● **Exercise requirements**:
Return the data below unchanged, without images.

● **Data shown**:

***

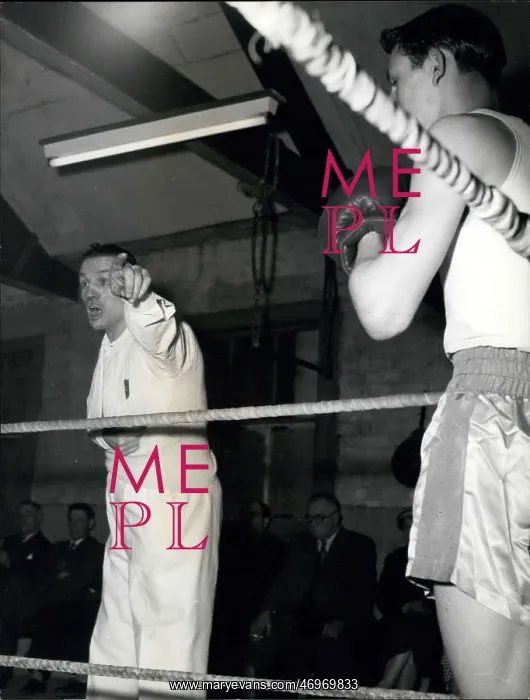 : Boxing. Mar. 31 Andy Newton keeps his boys up to Scratch : Boxing. Mar. 31 Andy Newton keeps his boys up to Scratch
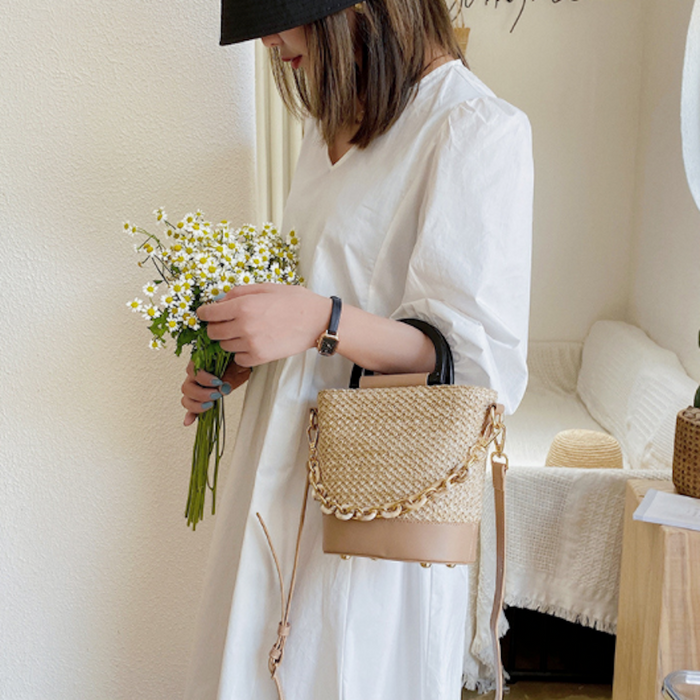 Summer Straw Bag with Chain Accents: Embrace the Season in Style!: natural beige, tan handbag, minimal style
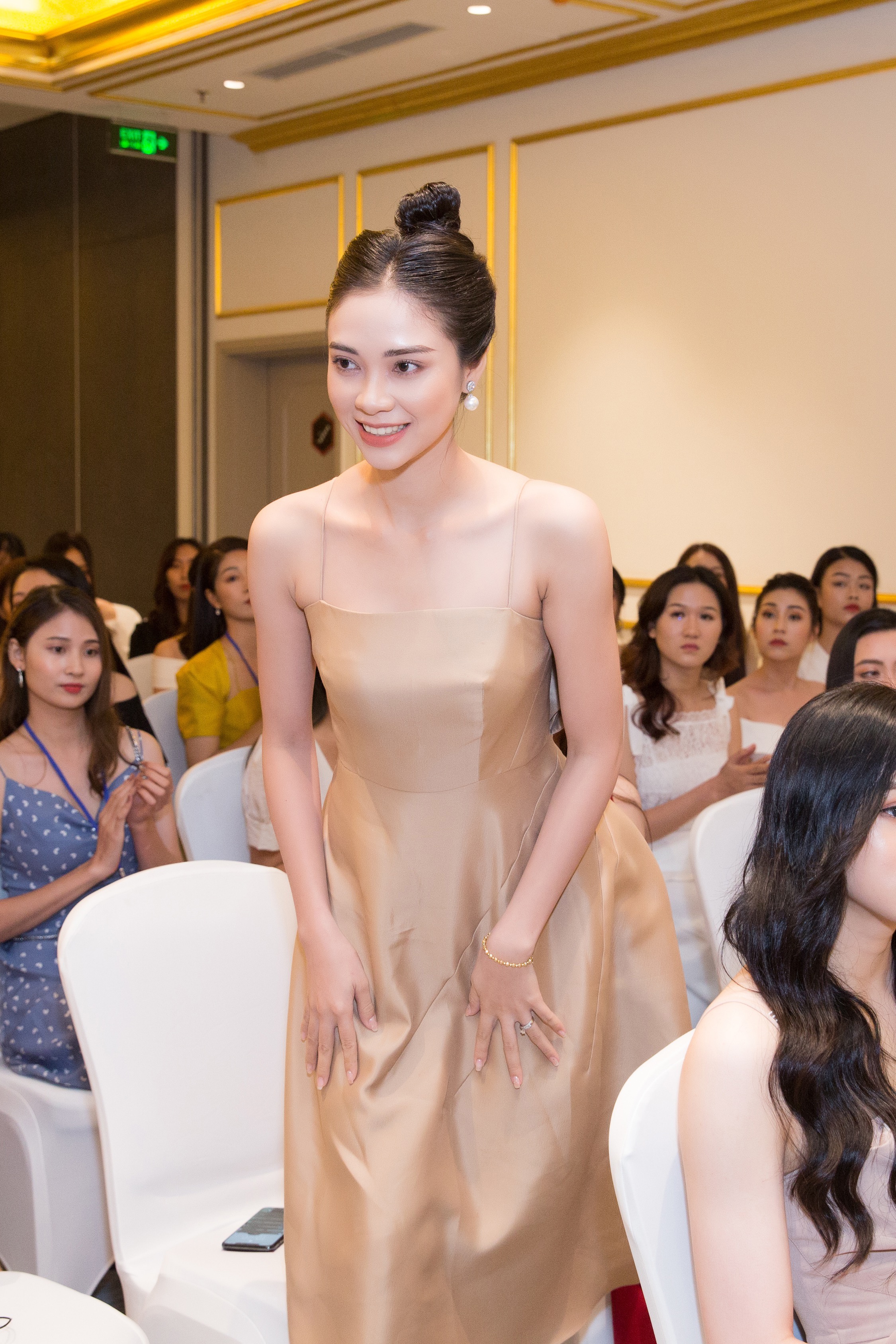 Hoa hau Viet Nam 2020 anh 2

***

● **Answer for the task**:
 : Boxing. Mar. 31 Andy Newton keeps his boys up to Scratch : Boxing. Mar. 31 Andy Newton keeps his boys up to Scratch
 Summer Straw Bag with Chain Accents: Embrace the Season in Style!: natural beige, tan handbag, minimal style
 Hoa hau Viet Nam 2020 anh 2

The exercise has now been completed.